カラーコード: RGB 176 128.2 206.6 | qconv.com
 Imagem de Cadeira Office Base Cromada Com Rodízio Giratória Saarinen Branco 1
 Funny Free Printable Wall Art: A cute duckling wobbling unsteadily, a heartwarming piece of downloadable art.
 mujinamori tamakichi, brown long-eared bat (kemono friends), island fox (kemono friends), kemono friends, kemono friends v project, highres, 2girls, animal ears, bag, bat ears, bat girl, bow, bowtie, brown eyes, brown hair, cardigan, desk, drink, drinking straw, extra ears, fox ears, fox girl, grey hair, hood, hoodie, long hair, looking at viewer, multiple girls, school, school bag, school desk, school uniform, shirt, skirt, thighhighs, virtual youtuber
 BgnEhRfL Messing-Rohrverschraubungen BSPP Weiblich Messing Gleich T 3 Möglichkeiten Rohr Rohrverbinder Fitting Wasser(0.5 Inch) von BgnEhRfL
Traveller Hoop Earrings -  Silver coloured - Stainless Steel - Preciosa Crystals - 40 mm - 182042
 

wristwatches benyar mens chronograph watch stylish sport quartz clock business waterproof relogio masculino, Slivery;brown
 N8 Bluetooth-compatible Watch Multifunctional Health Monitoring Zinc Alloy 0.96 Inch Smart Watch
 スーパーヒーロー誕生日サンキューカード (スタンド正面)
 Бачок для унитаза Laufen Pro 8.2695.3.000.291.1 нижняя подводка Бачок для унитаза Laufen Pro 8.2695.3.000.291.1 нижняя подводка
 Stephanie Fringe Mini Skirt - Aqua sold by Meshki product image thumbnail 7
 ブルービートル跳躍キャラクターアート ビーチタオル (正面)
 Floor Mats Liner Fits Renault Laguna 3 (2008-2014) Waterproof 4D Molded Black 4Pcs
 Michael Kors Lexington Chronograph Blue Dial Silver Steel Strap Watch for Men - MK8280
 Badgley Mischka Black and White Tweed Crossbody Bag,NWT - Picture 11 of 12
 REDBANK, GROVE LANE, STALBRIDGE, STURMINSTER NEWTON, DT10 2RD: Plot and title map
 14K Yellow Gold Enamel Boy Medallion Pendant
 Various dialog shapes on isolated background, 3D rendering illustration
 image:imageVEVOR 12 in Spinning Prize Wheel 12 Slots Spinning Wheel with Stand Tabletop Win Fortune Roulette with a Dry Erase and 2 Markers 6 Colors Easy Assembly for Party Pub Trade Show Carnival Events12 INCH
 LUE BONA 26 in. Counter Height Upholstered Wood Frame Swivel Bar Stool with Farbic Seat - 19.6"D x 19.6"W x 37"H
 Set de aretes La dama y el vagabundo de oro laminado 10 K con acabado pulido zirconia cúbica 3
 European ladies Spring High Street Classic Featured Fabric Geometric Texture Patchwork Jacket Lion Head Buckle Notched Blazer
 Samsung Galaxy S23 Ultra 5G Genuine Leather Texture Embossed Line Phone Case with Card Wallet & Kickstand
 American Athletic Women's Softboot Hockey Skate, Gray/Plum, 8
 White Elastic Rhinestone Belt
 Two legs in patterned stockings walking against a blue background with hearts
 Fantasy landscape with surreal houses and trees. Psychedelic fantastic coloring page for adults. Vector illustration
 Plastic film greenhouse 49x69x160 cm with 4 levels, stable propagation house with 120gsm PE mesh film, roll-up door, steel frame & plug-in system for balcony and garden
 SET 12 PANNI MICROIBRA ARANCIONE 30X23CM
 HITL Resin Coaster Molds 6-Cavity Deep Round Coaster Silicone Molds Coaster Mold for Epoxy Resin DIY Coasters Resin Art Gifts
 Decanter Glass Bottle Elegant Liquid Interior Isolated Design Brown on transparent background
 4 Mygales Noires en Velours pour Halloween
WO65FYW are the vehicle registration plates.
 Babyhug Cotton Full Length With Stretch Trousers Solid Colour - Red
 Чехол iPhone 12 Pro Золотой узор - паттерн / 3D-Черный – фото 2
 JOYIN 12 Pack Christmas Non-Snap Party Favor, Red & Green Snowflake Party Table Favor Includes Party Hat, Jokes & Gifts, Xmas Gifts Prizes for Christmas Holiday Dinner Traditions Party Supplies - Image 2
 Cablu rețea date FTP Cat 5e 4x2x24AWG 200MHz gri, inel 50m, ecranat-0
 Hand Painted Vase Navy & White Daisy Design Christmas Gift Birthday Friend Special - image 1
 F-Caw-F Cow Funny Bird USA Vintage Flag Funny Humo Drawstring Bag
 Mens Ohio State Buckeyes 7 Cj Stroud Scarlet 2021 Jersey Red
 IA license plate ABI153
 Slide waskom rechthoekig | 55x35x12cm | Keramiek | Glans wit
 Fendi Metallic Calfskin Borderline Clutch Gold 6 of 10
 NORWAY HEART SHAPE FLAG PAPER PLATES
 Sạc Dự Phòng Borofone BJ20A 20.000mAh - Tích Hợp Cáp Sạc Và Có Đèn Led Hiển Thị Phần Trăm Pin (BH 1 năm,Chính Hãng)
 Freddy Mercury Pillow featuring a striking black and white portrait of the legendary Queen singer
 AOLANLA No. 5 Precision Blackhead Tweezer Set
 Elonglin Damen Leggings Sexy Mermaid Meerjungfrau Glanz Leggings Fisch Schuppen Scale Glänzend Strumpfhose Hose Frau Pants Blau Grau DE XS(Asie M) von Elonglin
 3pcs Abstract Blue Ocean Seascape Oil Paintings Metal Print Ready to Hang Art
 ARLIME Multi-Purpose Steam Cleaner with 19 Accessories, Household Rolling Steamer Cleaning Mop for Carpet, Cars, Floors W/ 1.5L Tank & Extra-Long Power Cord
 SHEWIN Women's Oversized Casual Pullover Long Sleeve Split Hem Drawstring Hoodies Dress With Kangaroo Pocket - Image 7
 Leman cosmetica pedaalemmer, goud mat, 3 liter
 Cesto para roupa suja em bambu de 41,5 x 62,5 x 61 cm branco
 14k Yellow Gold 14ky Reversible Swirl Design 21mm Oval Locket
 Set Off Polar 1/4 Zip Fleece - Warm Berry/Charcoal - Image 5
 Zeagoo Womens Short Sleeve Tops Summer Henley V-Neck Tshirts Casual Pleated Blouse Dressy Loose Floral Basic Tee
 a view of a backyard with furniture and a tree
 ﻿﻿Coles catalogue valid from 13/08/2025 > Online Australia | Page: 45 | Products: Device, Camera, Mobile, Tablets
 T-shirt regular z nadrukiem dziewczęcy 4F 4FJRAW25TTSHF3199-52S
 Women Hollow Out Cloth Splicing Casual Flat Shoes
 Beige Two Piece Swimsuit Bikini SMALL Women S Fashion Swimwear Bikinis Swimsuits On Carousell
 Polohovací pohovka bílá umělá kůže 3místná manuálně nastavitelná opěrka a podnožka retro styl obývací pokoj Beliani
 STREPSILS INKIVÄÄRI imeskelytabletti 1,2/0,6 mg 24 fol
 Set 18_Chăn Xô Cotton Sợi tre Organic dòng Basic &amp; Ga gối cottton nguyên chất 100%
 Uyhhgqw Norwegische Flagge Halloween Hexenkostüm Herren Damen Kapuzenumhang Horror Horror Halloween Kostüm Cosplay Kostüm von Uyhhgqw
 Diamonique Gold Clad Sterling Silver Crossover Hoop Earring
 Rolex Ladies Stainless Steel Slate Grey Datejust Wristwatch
▬▬▬
*Task*: When you reach the line containing "SHEWIN Women's Oversized" in the data above, start copying exactly, and stop after the line containing "Cesto para roupa".

*Answer for the task*:
 SHEWIN Women's Oversized Casual Pullover Long Sleeve Split Hem Drawstring Hoodies Dress With Kangaroo Pocket - Image 7
 Leman cosmetica pedaalemmer, goud mat, 3 liter
 Cesto para roupa suja em bambu de 41,5 x 62,5 x 61 cm branco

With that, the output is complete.